The United States Post Office is close to inking a deal to sell its Union Square building, according to Michael Glavin, director of Somerville's Office of Strategic Planning and Community Development.
"They think they are very close on making a decision on a sale," Glavin said Thursday night after a Somerville Board of Aldermen meeting.
However, the Post Office hasn't said who the potential buyer is. "They did not tell me," Glavin said.
The Post Office put the building on the market in spring of 2012 with an asking price of $2.5 million. It announced in 2011 it had plans to sell the building.
In an email to Somerville Patch from 2012, Post Office Spokesperson Dennis Tarmey emphasized the Post Office was not planning to close Union Square as a location. Rather, it was looking to maintain a "retail presence" in Union Square while shifting its carrier operation and incoming mail center to Chelsea.
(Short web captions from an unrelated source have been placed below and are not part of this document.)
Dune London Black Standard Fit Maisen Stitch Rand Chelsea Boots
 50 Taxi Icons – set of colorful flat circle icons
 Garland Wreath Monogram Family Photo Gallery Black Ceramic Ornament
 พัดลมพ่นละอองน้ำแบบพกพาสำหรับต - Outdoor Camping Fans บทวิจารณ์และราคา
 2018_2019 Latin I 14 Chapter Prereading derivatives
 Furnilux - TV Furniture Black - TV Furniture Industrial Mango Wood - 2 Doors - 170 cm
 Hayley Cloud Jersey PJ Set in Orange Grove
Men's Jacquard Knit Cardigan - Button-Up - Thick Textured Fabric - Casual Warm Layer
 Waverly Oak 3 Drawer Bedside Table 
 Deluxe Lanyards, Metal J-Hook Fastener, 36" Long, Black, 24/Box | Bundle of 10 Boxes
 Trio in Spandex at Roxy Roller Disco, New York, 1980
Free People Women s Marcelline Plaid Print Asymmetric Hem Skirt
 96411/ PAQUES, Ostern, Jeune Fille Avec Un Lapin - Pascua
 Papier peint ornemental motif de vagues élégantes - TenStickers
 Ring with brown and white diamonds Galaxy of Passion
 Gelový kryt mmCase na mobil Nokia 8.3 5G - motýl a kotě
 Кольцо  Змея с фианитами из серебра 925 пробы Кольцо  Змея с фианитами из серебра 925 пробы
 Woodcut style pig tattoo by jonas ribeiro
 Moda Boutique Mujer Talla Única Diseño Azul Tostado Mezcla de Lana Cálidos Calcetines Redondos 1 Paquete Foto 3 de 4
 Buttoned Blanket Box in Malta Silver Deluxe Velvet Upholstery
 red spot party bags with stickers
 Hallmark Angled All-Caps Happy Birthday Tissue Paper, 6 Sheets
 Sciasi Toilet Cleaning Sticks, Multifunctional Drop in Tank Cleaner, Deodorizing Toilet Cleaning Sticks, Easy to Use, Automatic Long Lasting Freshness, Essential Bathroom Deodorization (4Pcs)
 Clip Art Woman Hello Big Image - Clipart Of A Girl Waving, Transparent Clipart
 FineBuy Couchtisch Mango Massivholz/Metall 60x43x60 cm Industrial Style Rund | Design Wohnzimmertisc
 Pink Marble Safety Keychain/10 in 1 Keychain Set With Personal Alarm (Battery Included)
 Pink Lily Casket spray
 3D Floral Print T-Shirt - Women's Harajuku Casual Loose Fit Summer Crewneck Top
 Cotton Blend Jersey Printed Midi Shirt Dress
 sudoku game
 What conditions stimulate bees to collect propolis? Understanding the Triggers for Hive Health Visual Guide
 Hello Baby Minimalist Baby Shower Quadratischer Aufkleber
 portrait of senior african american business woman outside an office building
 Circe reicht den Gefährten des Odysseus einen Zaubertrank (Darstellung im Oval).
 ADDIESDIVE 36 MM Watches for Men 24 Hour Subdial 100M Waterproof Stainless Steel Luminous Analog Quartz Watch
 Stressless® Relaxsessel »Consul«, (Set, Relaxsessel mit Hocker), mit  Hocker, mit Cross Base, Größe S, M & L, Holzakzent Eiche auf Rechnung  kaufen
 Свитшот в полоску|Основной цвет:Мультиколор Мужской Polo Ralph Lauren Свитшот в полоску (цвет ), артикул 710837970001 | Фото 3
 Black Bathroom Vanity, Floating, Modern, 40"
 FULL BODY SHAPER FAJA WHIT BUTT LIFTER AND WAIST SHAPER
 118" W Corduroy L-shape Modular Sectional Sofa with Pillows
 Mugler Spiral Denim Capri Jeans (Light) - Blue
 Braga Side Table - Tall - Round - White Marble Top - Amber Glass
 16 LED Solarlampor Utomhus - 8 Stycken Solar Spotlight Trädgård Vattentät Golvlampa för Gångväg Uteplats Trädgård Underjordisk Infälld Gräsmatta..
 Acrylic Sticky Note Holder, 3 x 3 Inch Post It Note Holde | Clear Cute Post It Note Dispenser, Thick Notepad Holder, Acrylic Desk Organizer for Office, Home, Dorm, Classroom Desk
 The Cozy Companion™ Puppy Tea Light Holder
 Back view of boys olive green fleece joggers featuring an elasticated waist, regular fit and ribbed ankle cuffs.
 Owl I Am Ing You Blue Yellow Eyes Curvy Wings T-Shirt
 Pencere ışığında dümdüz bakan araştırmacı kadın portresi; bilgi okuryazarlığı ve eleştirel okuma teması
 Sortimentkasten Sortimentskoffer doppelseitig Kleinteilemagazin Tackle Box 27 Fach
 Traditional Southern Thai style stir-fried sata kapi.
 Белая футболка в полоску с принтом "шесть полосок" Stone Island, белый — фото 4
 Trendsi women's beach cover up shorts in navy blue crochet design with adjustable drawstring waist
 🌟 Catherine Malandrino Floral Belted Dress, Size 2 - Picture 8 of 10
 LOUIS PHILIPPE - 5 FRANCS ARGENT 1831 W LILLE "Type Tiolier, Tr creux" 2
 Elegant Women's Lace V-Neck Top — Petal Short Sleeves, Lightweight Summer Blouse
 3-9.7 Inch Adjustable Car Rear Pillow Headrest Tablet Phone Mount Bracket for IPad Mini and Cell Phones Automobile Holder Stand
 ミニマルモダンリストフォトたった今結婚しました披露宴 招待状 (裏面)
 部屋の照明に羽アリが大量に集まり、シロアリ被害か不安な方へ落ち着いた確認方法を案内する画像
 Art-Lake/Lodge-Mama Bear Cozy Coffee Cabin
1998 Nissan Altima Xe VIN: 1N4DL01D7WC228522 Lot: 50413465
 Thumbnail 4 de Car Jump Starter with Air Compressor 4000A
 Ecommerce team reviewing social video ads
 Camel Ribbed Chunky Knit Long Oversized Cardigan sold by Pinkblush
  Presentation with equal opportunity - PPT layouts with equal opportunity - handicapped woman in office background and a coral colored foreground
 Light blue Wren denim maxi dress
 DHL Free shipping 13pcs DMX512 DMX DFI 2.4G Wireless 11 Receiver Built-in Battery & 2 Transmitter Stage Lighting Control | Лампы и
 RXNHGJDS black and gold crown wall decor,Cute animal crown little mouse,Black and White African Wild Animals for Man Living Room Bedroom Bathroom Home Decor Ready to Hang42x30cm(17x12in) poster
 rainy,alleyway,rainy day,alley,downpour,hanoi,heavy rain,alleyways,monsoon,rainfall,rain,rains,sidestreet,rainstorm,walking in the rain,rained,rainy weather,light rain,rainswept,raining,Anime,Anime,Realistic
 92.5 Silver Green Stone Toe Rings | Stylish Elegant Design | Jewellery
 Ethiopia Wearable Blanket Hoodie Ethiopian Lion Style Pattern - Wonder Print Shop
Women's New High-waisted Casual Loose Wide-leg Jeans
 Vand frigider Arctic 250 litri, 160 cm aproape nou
The post office was looking to secure about 2,000 square feel of retail space in Union Square to continue service in the neighborhood.
The Union Square Post Office opened in 1936 and is on the National Register of Historic Places. The lobby of the building contains original murals painted by the Works Progress Administration during the Great Depression.
The city of Somerville had considered plans to convert the building into a performing arts center but was not prepared to purchase the property.
Glavin said if the new owner were interested in turning the building into an arts center, the city would willingly look at such a proposal.
"Our great concern is that whoever buys that property, they're aware of our plans for the area," he said.
In 2012 the city released and approved the Union Square Revitalization Plan, which maps out a vision for Union Square over the next few decades, spurred in large part by the expected arrival of a Green Line station in the square. The Post Office site was an area of focus in the revitalization plan.
"We all see it as an important building," Glavin said.